CFOTL: Right now, let’s find out about Improving, where you’re CFO today. Tell us about the company. What does it do, and what are its offerings?
Pliego: It’s a great company, Jack. We describe ourselves as a modern, digital IT consulting company—and a big part of the conversation today is, “How is AI impacting the business?” I like to explain it with a flywheel: on the outside you have AI, data, and applications, and in the center you have platforms. Over the last 12 to 18 months, a lot of companies have shifted investment toward AI, often hoping for quick efficiencies without fully knowing how to do it.
AI is like a hungry monster—you feed it data, it gives you output, and then it immediately wants more. So what we do at Improving is help companies understand what AI can do for them today, based on what they already have, and then assess what needs to change so AI becomes productive and a profitable investment. Usually that starts with data—making it better, more consistent, and with more history—and that often means modernizing apps and platforms, which is what we’ve been strong at all along.
Pliego: We’ve also developed a few agents to make our own work more efficient. One example is a tool we call Explorer. Many of our customers are large Fortune 500 companies with multiple platforms, apps, and data sets, and you often find inconsistencies—different versions of the “same” data, and confusion about the real source of truth. We don’t sell Explorer; we use it to generate insight and opportunities. It scans platforms, data, and applications and flags where things don’t match—like inconsistent data definitions, or pro forma views that didn’t incorporate an acquisition consistently across systems. We recently ran it for a large financial institution and it surfaced about 60 projects they need to address before an AI solution will generate real benefits. From the beginning, Improving has been collaborative and training-oriented—we help customers understand what’s happening, and we want them to own what we build. We don’t come in with templates and say, “Here’s your packaged solution—go run it.” That approach has created long-standing, productive relationships.
CFOTL: Can you tell us a little bit about the company’s capital structure—an abbreviated history, perhaps?

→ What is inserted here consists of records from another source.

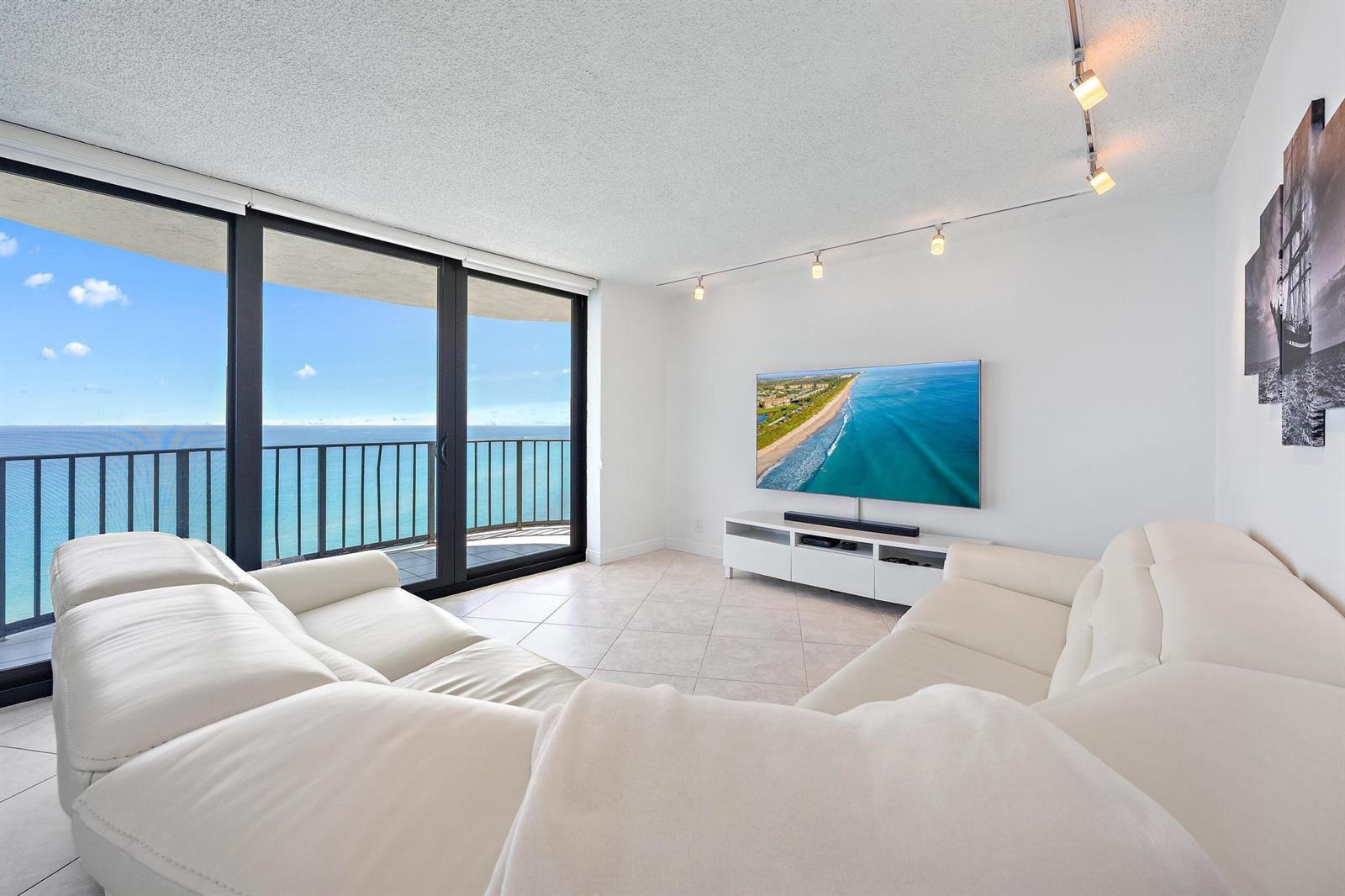 5420 N Ocean Drive, Riviera Beach FL 33404 photo 4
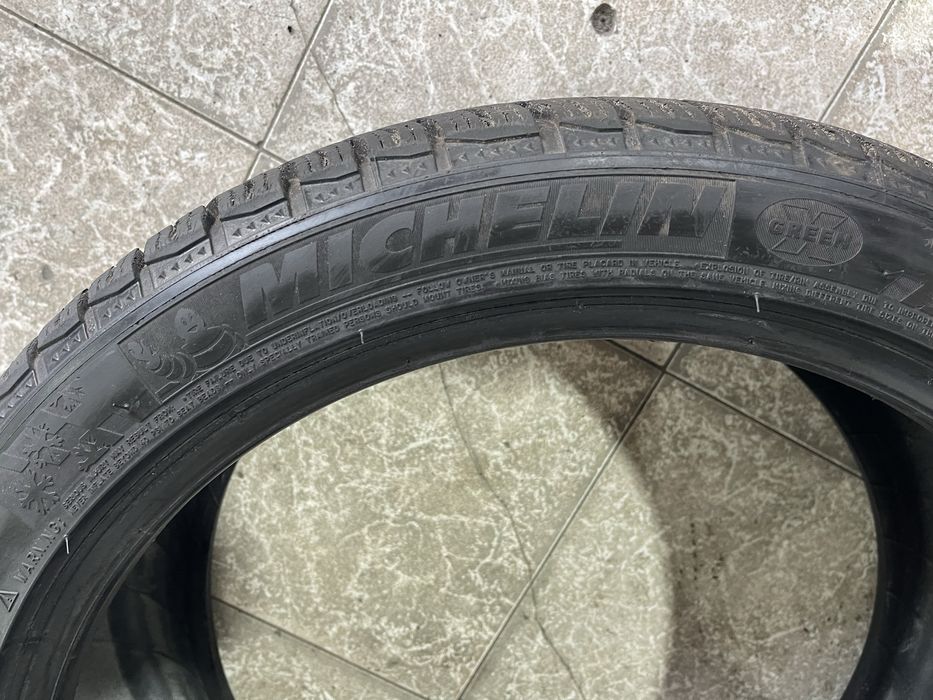 Шина 225/40 R20 Michelin б/у зима 8мм ( боковой ремонт) U1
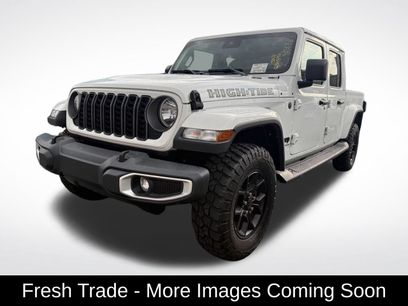 Used 2025 Jeep Gladiator Overland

Pliego: We still have our founders running the business. Chris (Hyatt) is the CEO and founder, and Rick Diana leads the M&A side, and they’re still very much involved day to day. The company grew in a very interesting way—on the M&A front, without a lot of cash—by convincing other companies of similar size that joining forces would be good for them. That’s how the business grew to roughly $100 million before private equity joined us. In our case, that’s Trinity Hunt Partners, and they’ve been a fantastic partner.